▶ [GIVEN RECORDS]:
BEGIN
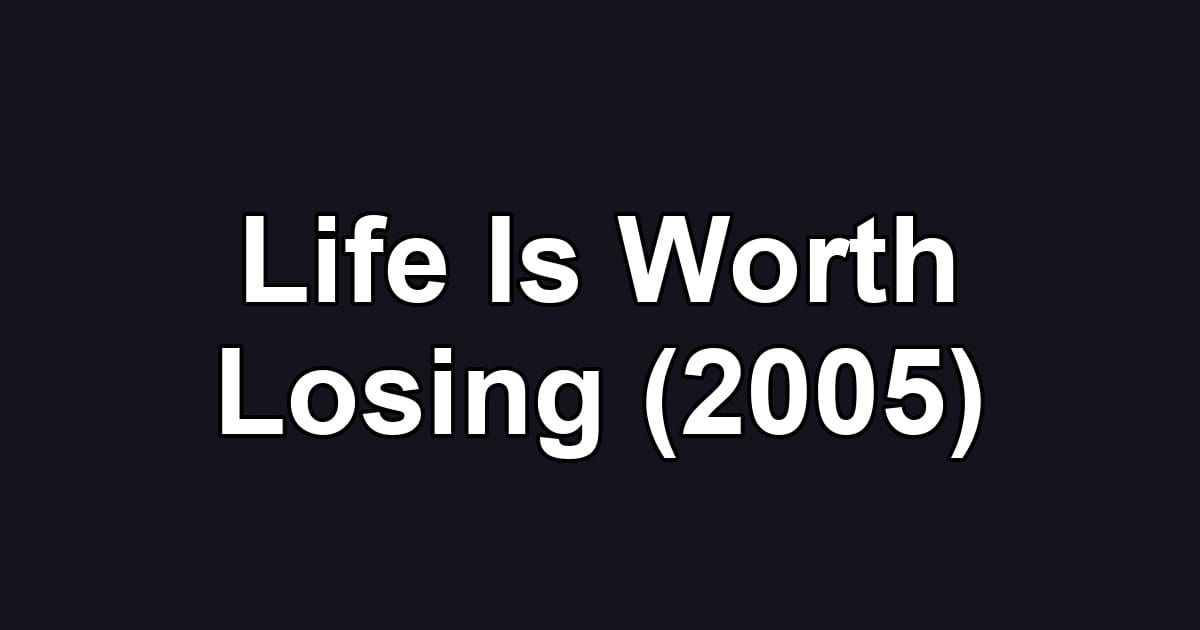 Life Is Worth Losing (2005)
END
BEGIN
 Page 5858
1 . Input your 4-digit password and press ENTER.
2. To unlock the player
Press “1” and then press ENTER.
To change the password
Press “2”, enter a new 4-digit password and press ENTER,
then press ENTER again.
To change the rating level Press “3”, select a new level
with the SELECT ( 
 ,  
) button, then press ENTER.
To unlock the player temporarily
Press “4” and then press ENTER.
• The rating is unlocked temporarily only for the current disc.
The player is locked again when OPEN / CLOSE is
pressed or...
END
▶ [ASSIGNMENT]: All of the lines above that carry the string "change" need to be found and copied.

▶ [REPLY TO THE EXERCISE]:
To change the password
To change the rating level Press “3”, select a new level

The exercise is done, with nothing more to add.